Enfin, nous avons réagi à l'agression russe en réaffirmant nos engagements au sein de l'alliance ; ainsi avons-nous renforcé notre présence militaire sur le flanc oriental de l'Otan, en mettant à disposition une brigade pour la Lituanie et en déployant des effectifs supplémentaires en Slovaquie. En outre, l'Allemagne assure en 2023 le commandement de la force opérationnelle interarmées à très haut niveau de préparation de l'Otan. Enfin, le gouvernement réaffirme son attachement à la dissuasion nucléaire de l'Otan, qui doit rester crédible et efficace aussi longtemps que la Russie disposera d'un arsenal nucléaire. L'Allemagne contribuera à cette dissuasion nucléaire et acquiert, à cet effet, 35 F-35 pour remplacer les chasseurs Tornado utilisés dans ce cadre.

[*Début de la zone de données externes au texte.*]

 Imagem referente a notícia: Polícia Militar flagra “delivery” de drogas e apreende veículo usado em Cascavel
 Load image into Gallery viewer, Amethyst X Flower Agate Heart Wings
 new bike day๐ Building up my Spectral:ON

Autre aspect de ce tournant historique : la politique énergétique, qui joue un rôle dans la politique de sécurité. Dans les mois qui ont suivi l'attaque russe, l'Allemagne a décidé de mettre un terme aux relations en matière d'énergie fossile avec la Russie. Au début de 2022, 55 % du gaz consommé venait de la Russie ; c'était un défi énorme de remplacer le gaz, le charbon et le pétrole russes dans des délais si brefs.

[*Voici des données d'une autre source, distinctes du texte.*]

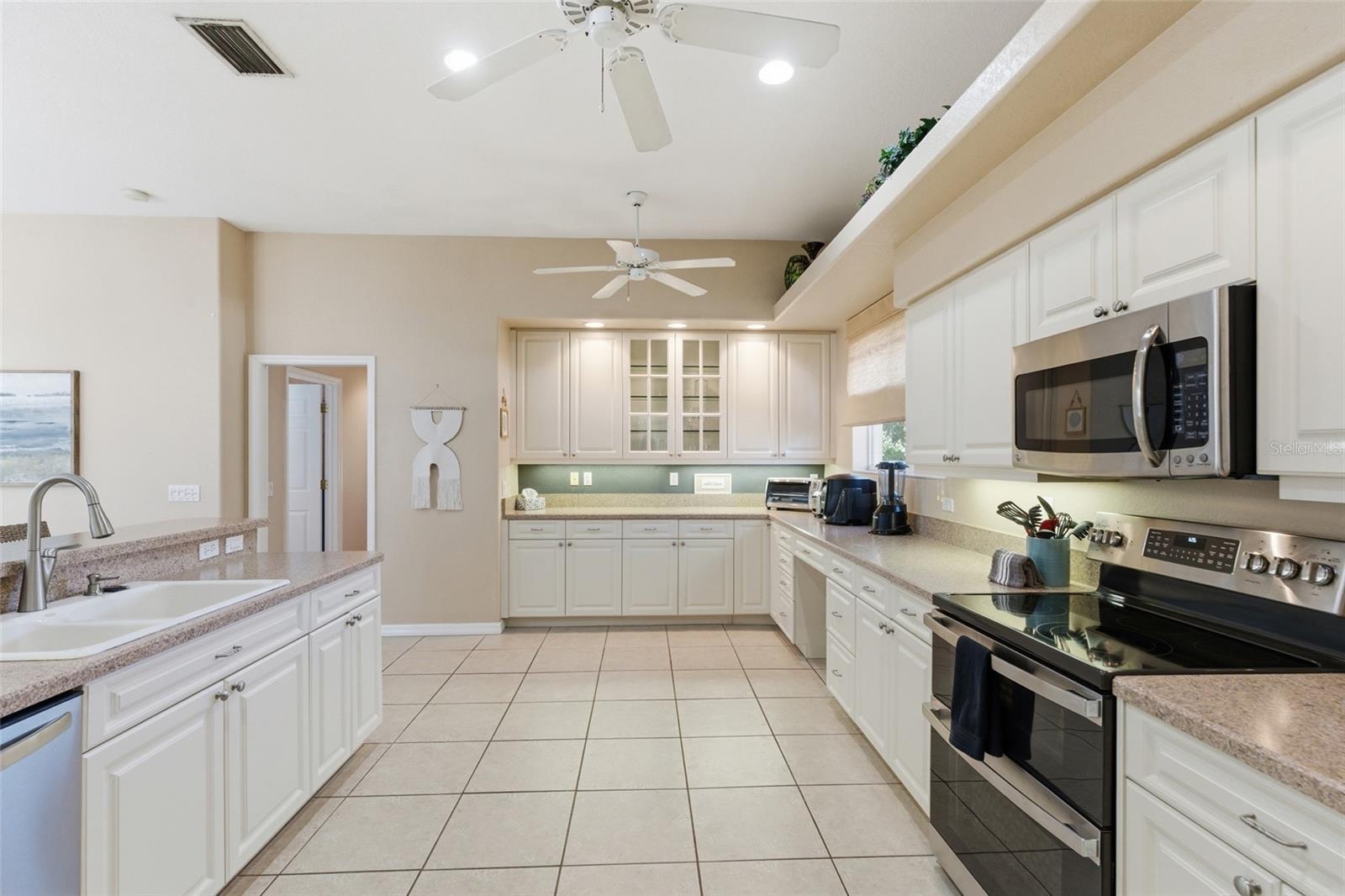 974 ROTONDA CIR, ROTONDA WEST, FL, 33947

Parmi les principales conclusions des crises des dernières années - la guerre, mais aussi, de manière générale, la concurrence géopolitique croissante - figure la volonté de renforcer la souveraineté et les capacités d'action de l'Europe ; à cet égard, l'Allemagne et la France sont alignées, ce que le dernier conseil des ministres franco-allemand a montré. Cela exige des efforts dans trois domaines : les réformes institutionnelles de l'Union, par exemple en généralisant le principe du vote à la majorité qualifiée, le renforcement de l'indépendance économique et technologique et de la compétitivité de l'UE - c'est toute la discussion autour de la réaction européenne à l'Inflation Reduction Act, à propos duquel les ministres Le Maire et Habeck ont discuté hier avec les autorités américaines à Washington - et le renforcement de la capacité d'action militaire de l'UE.

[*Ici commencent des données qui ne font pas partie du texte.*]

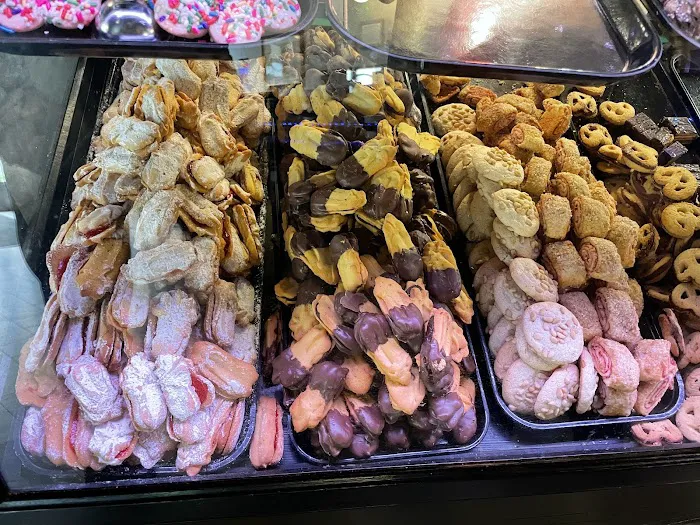 Gio's Bakery Picture 1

La France et l'Allemagne ont une responsabilité commune particulière pour renforcer la capacité des Européens à se défendre : le budget de la défense de ces deux pays représente 40 % du budget militaire européen. L'Allemagne a promu dans ce domaine des projets en collaboration avec la France : la coopération structurée permanente dans le domaine de la défense, la création du fonds européen de défense, la Boussole stratégique européenne adoptée sous la présidence française du Conseil de l'Union et l'instauration d'une Facilité européenne pour la paix dotée de 5 milliards d'euros, qui a permis à l'Ukraine d'acheter des quantités importantes d'armes pendant la première année de la guerre.

Pour promouvoir une Europe géopolitique, l'Allemagne juge essentiel de renforcer les capacités militaires européennes. Dans ce contexte, les projets franco-allemands de SCAF, de MGCS, d'Eurodrone et d'un escadron de transport aérien sont centraux.

Pour renforcer les capacités militaires des Européens, nous voulons un bouclier antiaérien européen, dans le cadre de l'Otan et ouvert à tous les partenaires européens de cette organisation. Dans le même temps, l'Union doit renforcer sa capacité d'action militaire dans son voisinage immédiat et l'Allemagne fournira à la force de réaction rapide de l'Union européenne un contingent pouvant aller jusqu'à 5 000 soldats.

Enfin, il est indispensable de créer une capacité de planification européenne de commande.

Je me réjouis maintenant d'échanger avec vous sur ces questions ou sur d'autres.